Given an array arr[] of N positive integers and M queries of the form {a, b, val, f}. The task is to print the array after performing each query to increment array elements in the range [a, b] by a value val f number of times

Examples:

Input: arr[] = {1, 2, 3}, M=3, Q[][] = { {1, 2, 1, 4}, {1, 3, 2, 3}, {2, 3, 4, 5}}
Output: 11 32 29
Explanation:
After applying 1st Query 4 times,
Array will be: 5 6 3
After applying 2nd Query 3 times,
Array will be: 11 12 9
After applying 3rd Query 5 times,
Array will be: 11 32 29
Therefore, the final array will br {11, 32, 29}.

Input: arr[] = {1},  M = 1, Q[][] = {{1, 1, 1, 1}}
Output: 2
Explanation:
After applying 1st and the only query 1 time only.
Array will be: 2

Naive Approach: The simplest approach is to perform each query on the given array i.e., for each query {a, b, val, f} traverse the array over the range [a, b] and increase each element by value val to f number of times. Print the array after performing each query.
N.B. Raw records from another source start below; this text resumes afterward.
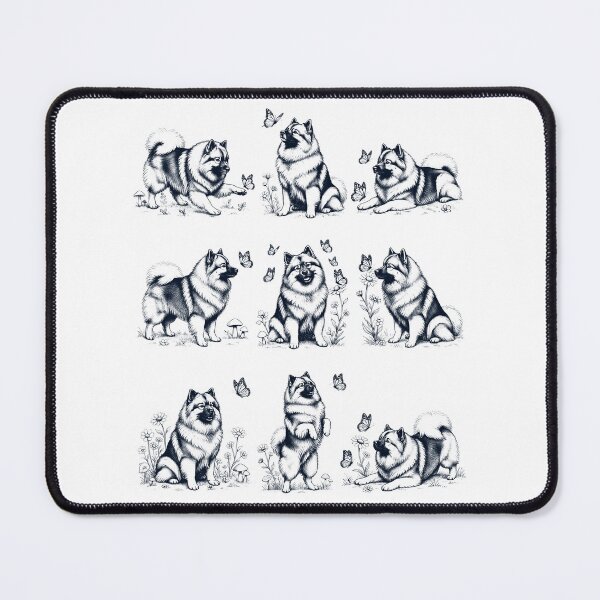Item preview, Vintage Keeshond with Butterfly Flower Dog Lover designed and sold by dian-rody-crest.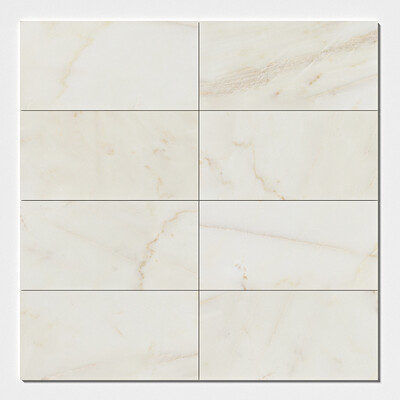 Calacatta Amber Honlanmış Mermer Karolar 12×24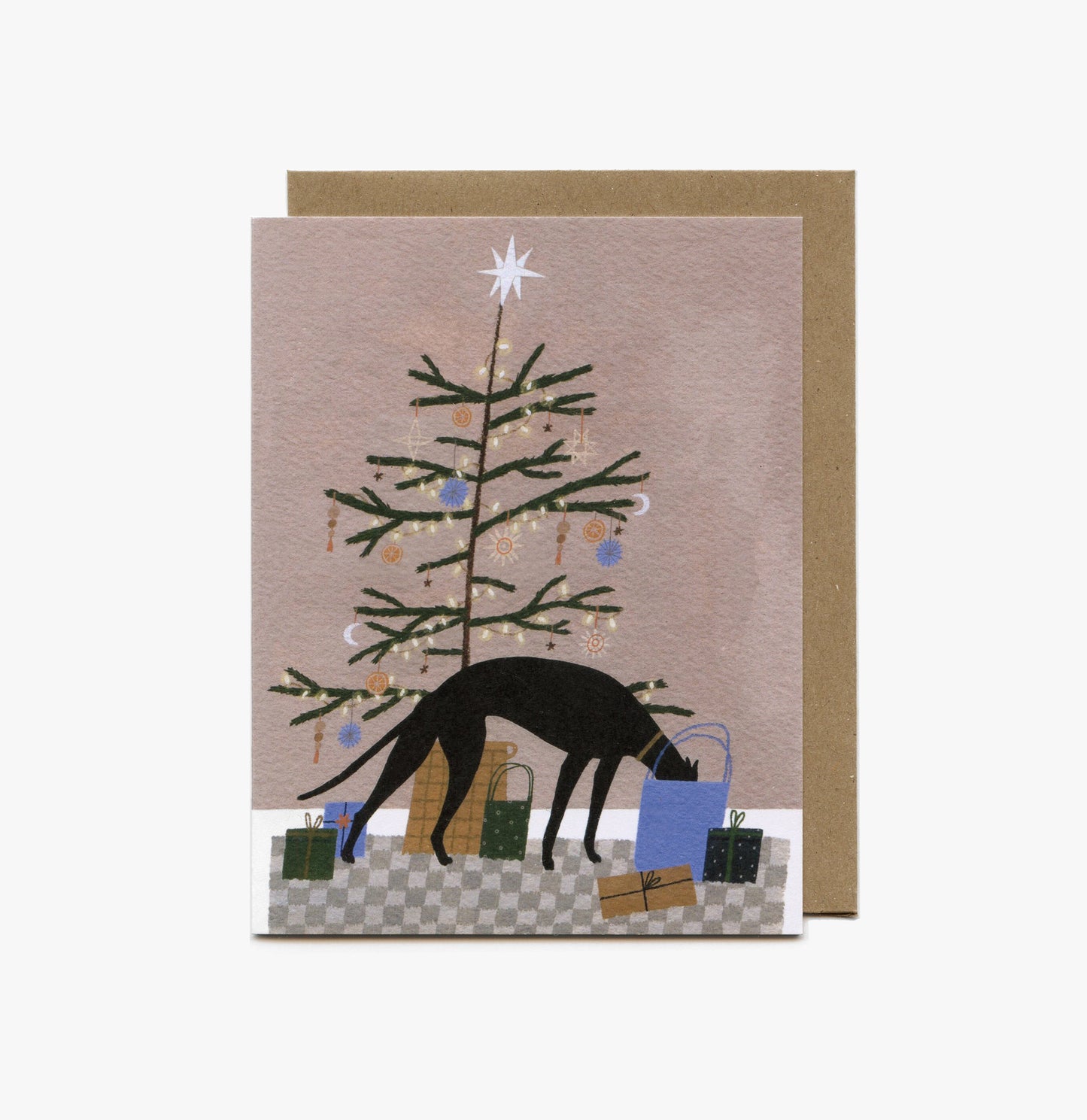 "Inspector of Presents" greeting card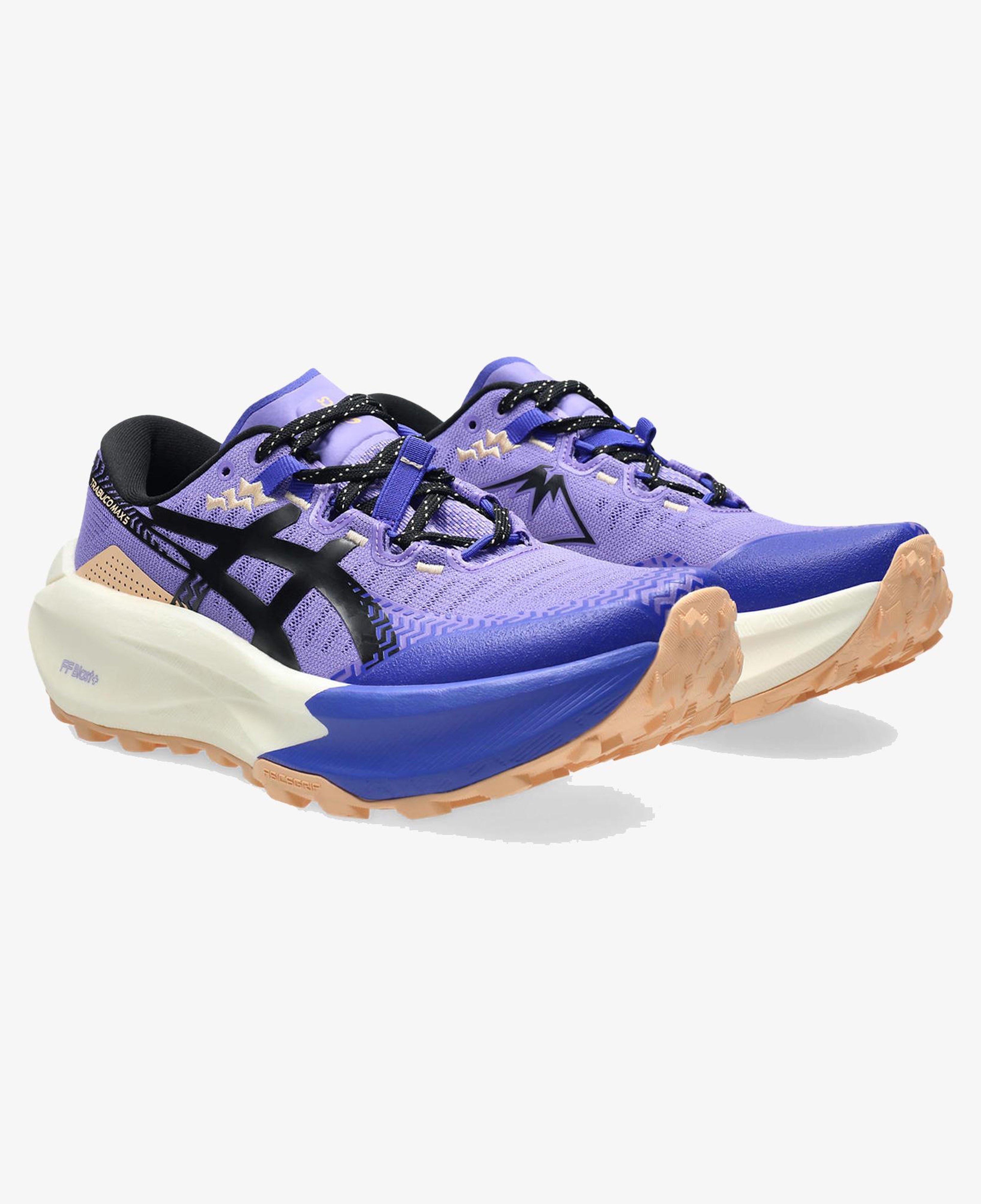 Asics Trabuco Max 5 Kadın Mavi Koşu Ayakkabısı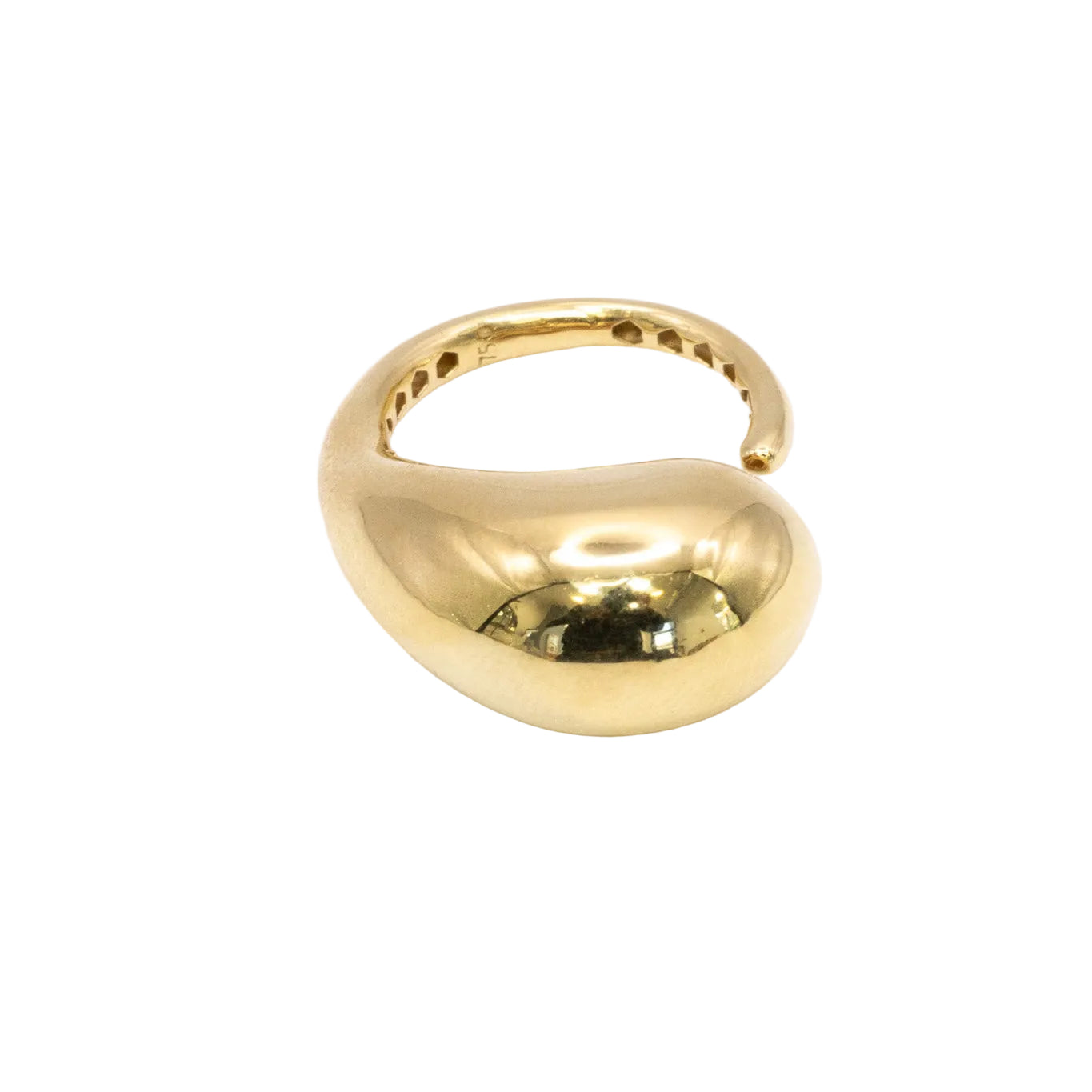 18K open dome ring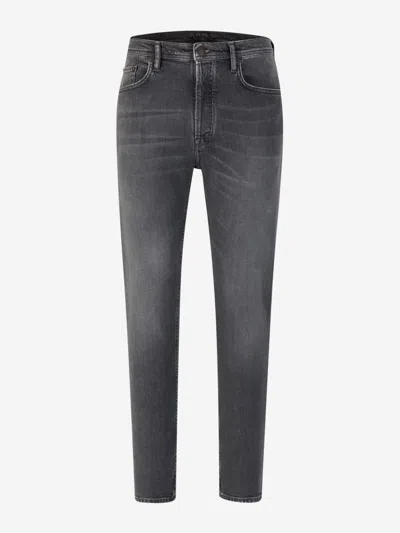 Acne Studios Slim Fit River Jeans In Black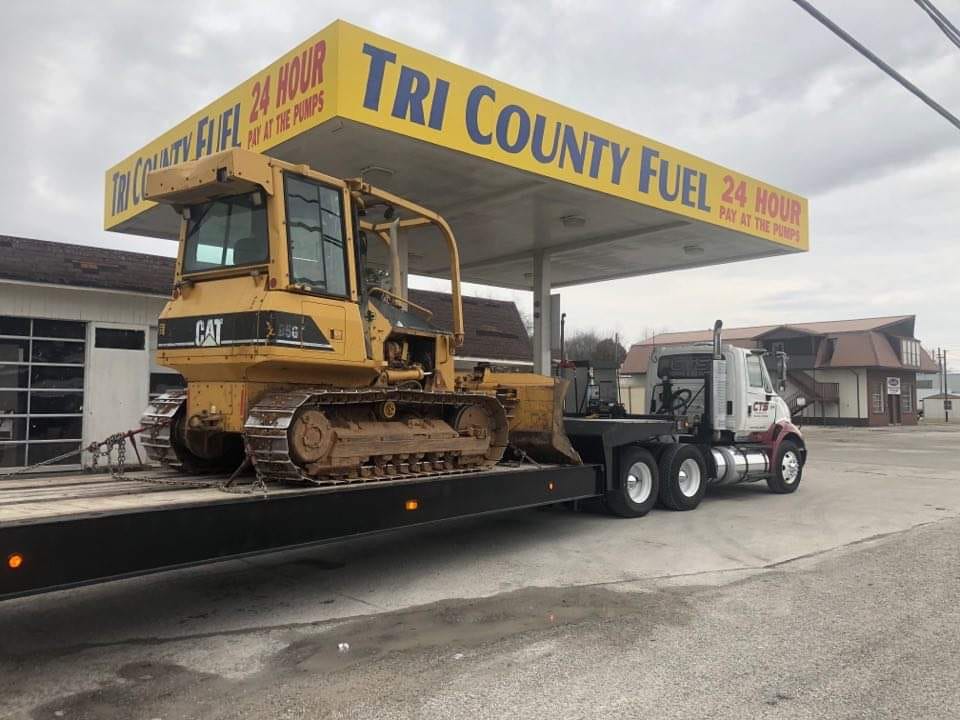 tow truck hauling kidsteer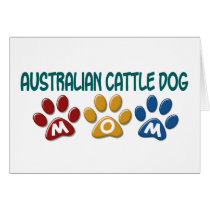 AUSTRALIAN CATTLE DOG MOM Paw Print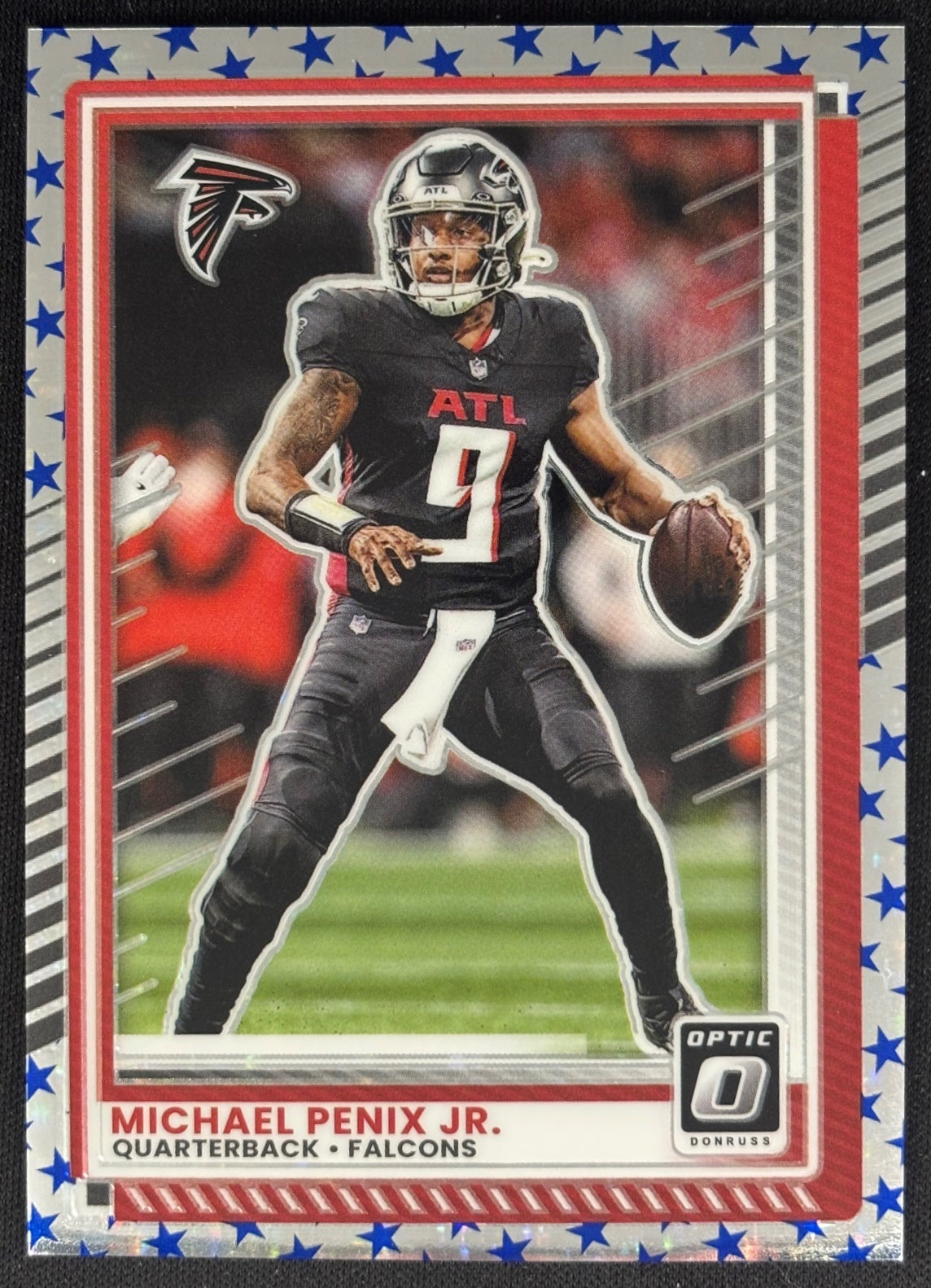 Michael Penix Jr. 2025 Donruss Optic Stars Prizm Falcons Sports Trading Card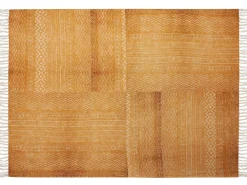 Tekstiilit<Beliani Huopa Puuvilla Sinapinkeltainen 130 X 180 Cm Firozabad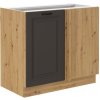 Kuchyňská skříňka Stilo GRAR - dolní rohová maskovnice 105 ND 1F, grafit + Artisan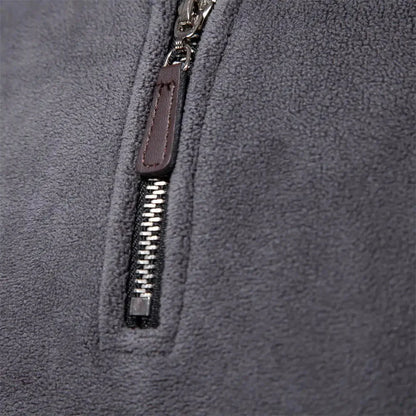 Arne | Fleecegefüttertes Sweatshirt mit hohem Kragen und verstellbarem Saum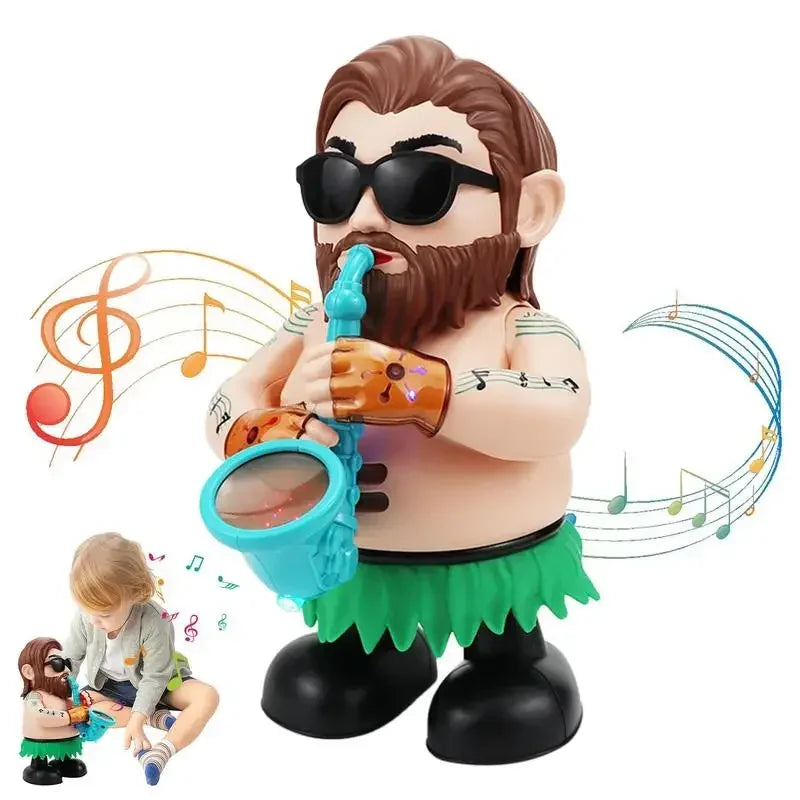 Vibrant Musician Figurine Statue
Time Complexity: O(N * M * max(Freq))
Auxiliary Space: O(1)

Better Approach: The idea is based on the difference array which can be used in Range Update operations. Below are the steps:

1. Find the difference array D[] of a given array A[] is defined as D[i] = (A[i] – A[i – 1]) (0 < i < N) and D[0] = A[0] considering 0 based indexing.
2. Add val to D[a – 1] and subtract it from D[(b – 1) + 1], i.e., D[a – 1] += val, D[(b – 1) + 1] -= val. Perform this operation Freq number of times.
3. Now update the given array using the difference array. Update A[0] to D[0] and print it. For rest of the elements, do A[i] = A[i-1] + D[i].
4. Print the resultant array after the above steps.

Time Complexity: O(N + M * max(Freq))
Auxiliary Space: O(N) Extra space for Difference Array

Efficient Approach: This approach is similar to the previous approach but an extended version of the application of difference array. Previously the task was to update values from indices a to b by val, f number of times. Here instead of calling the range update function f number of times, call it only once for each query:

1. Update values from indices a to b by val*f, only 1 time for each query.
2. Add val*f to D[a – 1] and subtract it from D[(b – 1) + 1], i.e., increase D[a – 1] by val*f, and decrease D[b] by val*f.
3. Now update the main array using the difference array. Update A[0] to D[0] and print it.
4. For rest of the elements, Update A[i] by (A[i-1] + D[i]).
5. Print the resultant array after the above steps.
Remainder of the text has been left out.